Although we’ve learned so much about the Universe since the dawn of the 20th century, a number of the cosmic mysteries that our investigations have revealed remain unsolved. Arguably, the three greatest ones are:
- dark energy, which drives the expansion of the Universe and dominates our cosmic energy budget, but whose cause is unknown (even despite recent claims to the contrary),
- dark matter, which cannot be made of any of the known particles of the Standard Model and yet which out-masses normal, atom-based matter by a 5:1 ratio,
- and the matter-antimatter asymmetry, which is our observation that there exists 1 proton-or-neutron for every 1.4 billion photons in the Universe, but no corresponding antiprotons-or-antineutrons, despite us not knowing of a single reaction that can create more protons/neutrons than antiprotons/antineutrons.
And yet, we can be confident that dark energy, dark matter, and a cosmic matter-antimatter asymmetry all exist, even if we don’t know how or why they came to be. Remarkably, one single JWST image, assembled as a composite from an imaging campaign known as the UNCOVER survey, allows us to measure and further investigate all of these mysteries, as well as revealing so much more about how our Universe grew up. Here’s what we can learn from this one tiny region of the sky, and the lessons it holds for our entire cosmic history.

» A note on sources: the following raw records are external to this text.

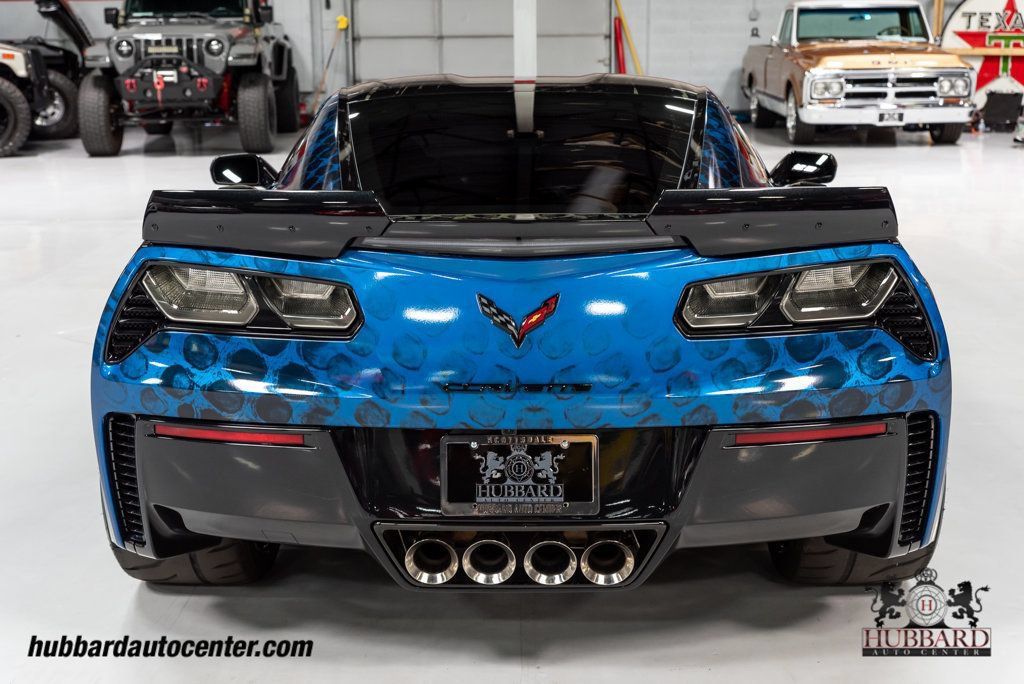 Used 2016 Chevrolet Corvette Z06 w/ 3LZ Preferred Equipment Group RWD image 8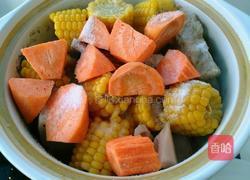 莲藕玉米排骨汤的做法图解11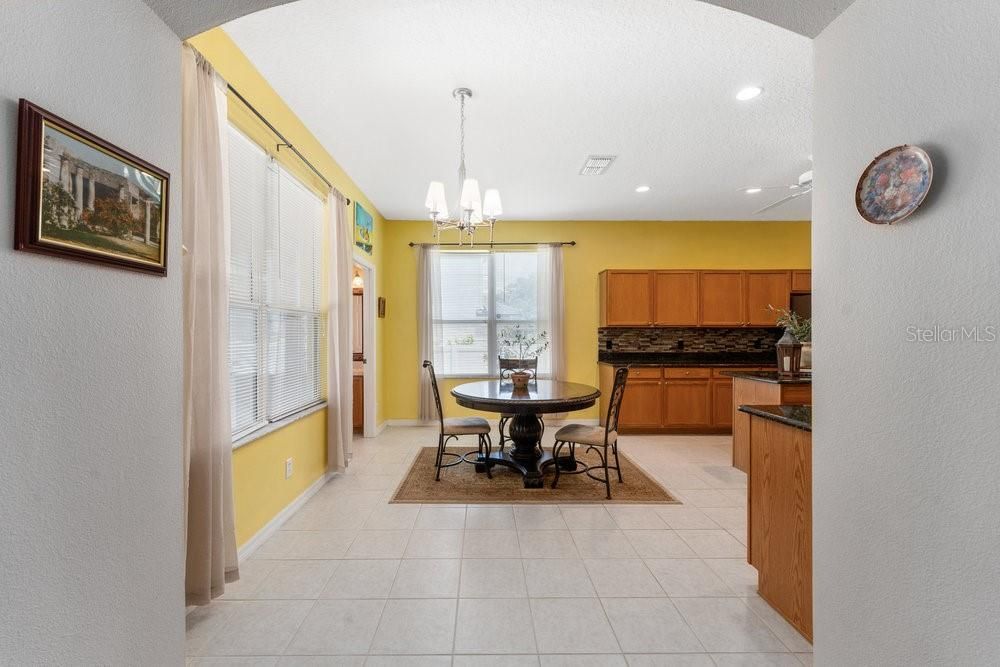 For Sale: $665,000 (5 beds, 4 baths, 4094 Square Feet)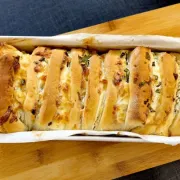 Recept u fotografijama za sočni pull apart kruh sa sirom i začinima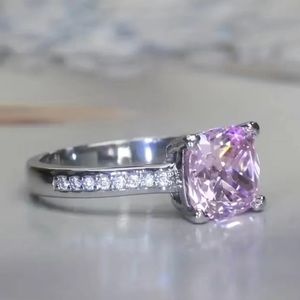 Beautiful ladies, Sparkling Rhinestone Pink Ring, SIZE 6 ***New in box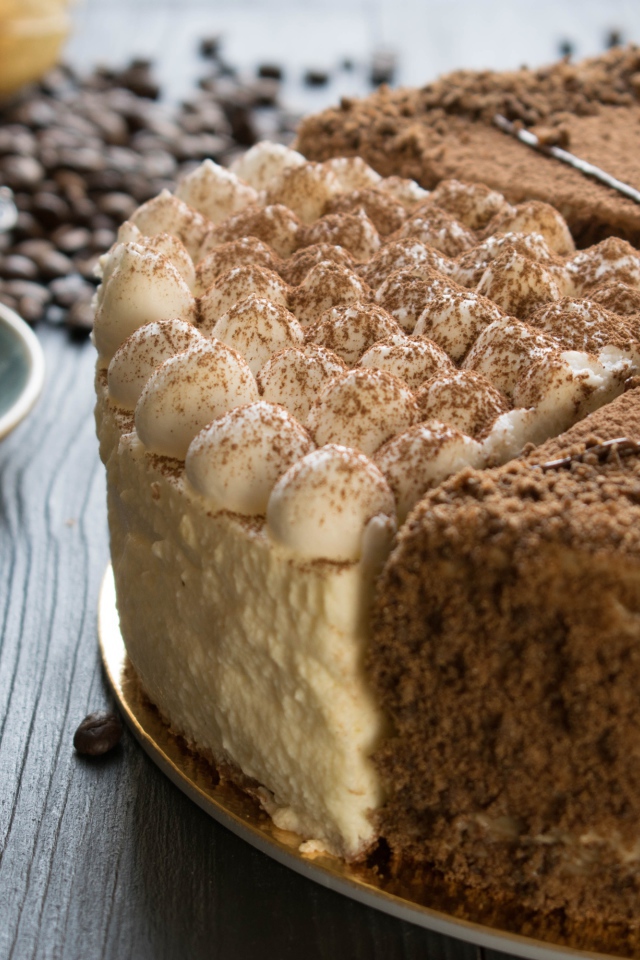 Вкусный торт с кремом и физалисом на столе с кофе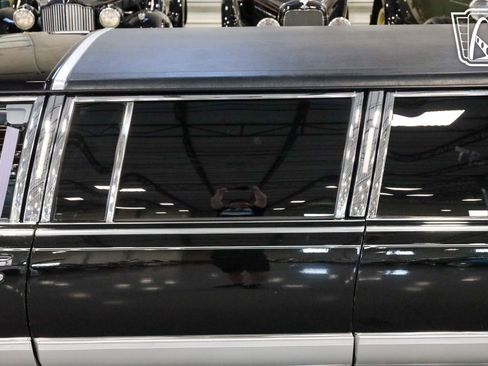 Used 1992 Cadillac Brougham image 29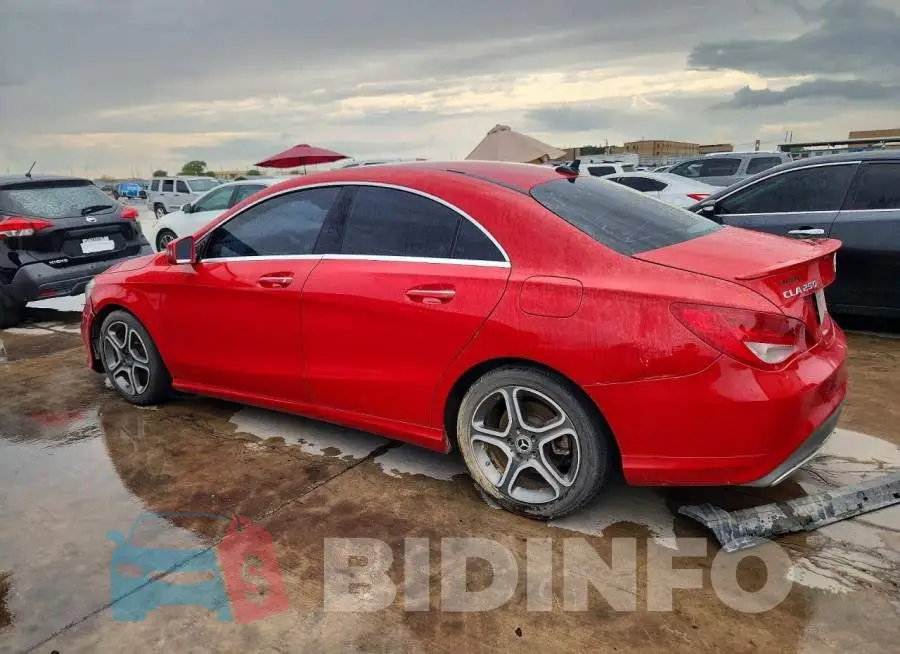 WDDSJ4EB4JN580824 Photo# 2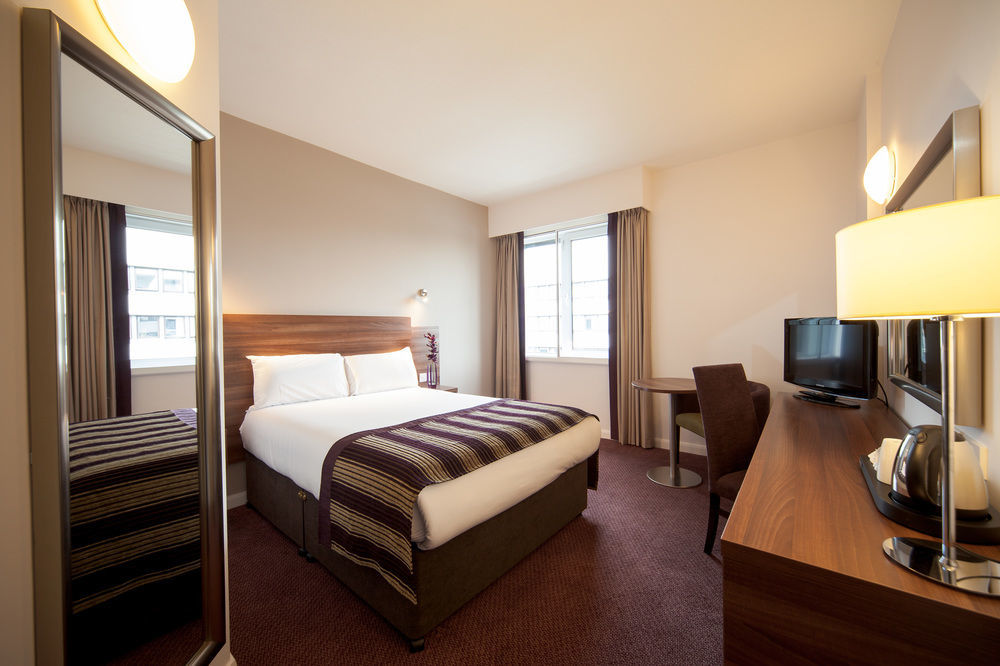 Leonardo Hotel Belfast Esterno foto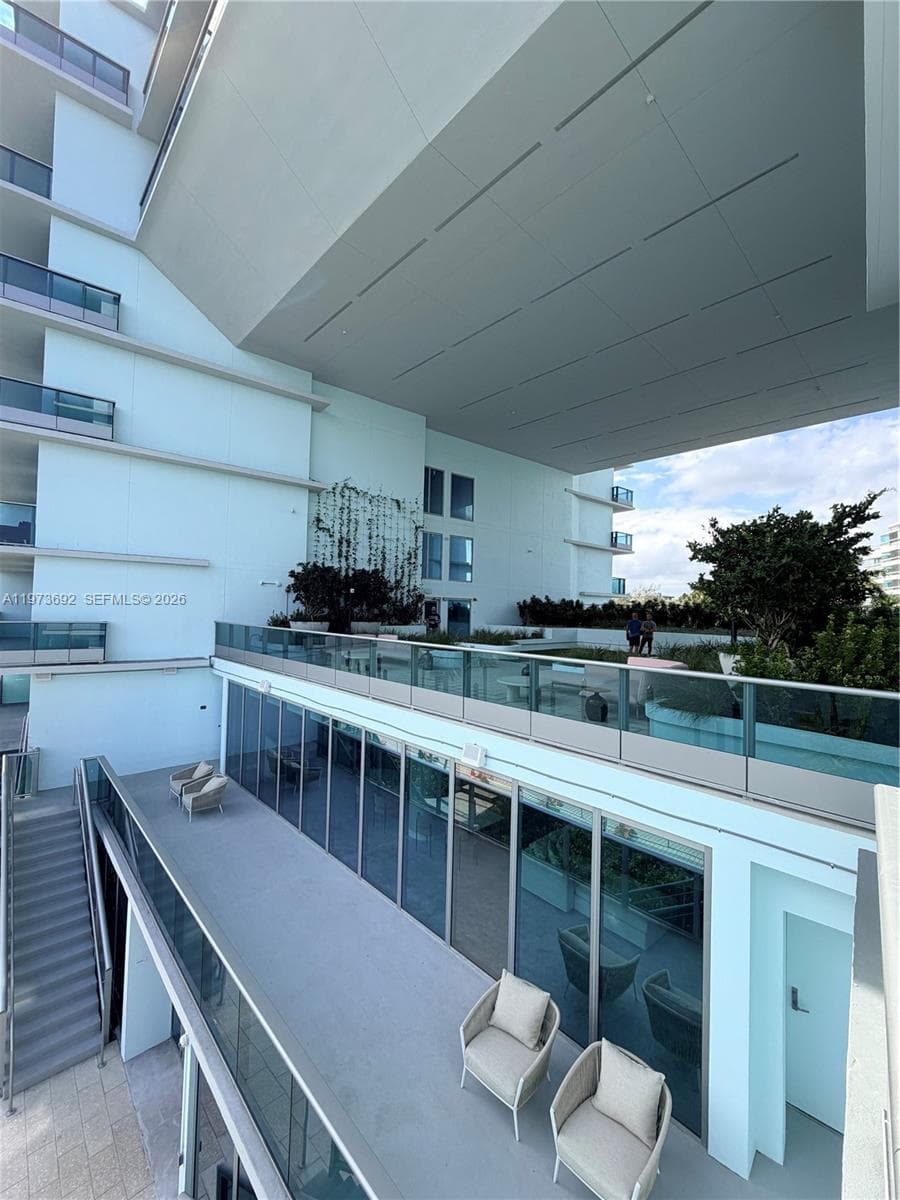 9221 Bay Harbor Dr 307 photo 21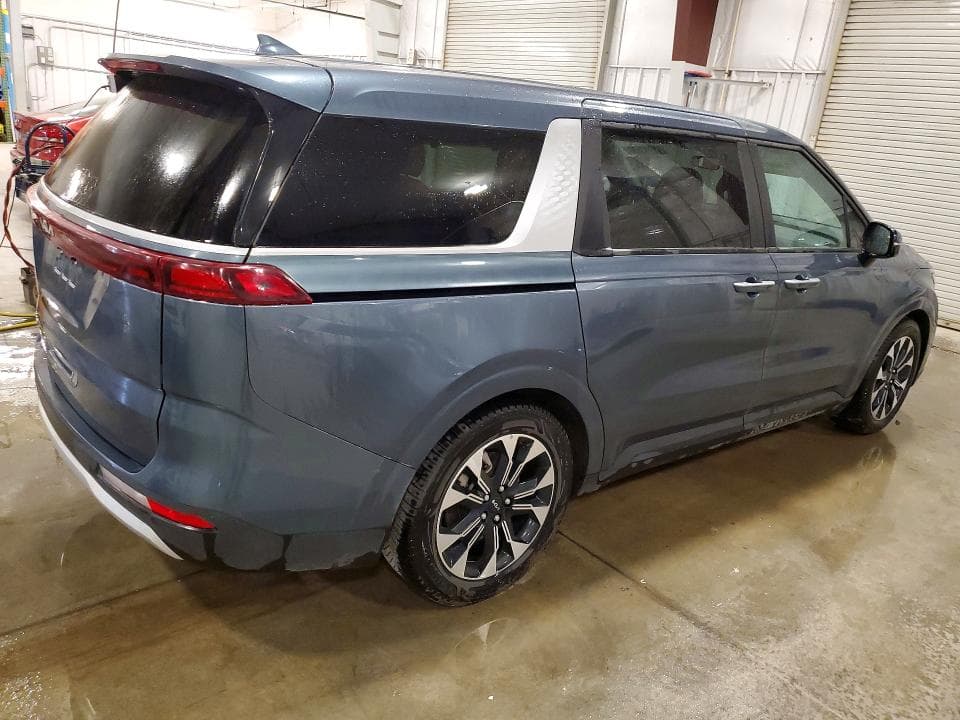 2022 KIA CARNIVAL EX 3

This object itself is a rich cluster of galaxies, and is part of the Abell catalogue that was constructed to map and keep track of rich clusters of galaxies in the distant Universe; this one has the particular number of Abell 2744. It’s been nicknamed “Pandora’s Cluster” after the Greek Mythology story, where Pandora (whose name quite appropriately means “all gifts”) was given a box with “gifts” inside that she was told she must never open. After (of course) opening the box, which set loose all of the ills that would forevermore plague humanity, she rapidly slammed the box shut, sealing inside the last of those gifts: hope.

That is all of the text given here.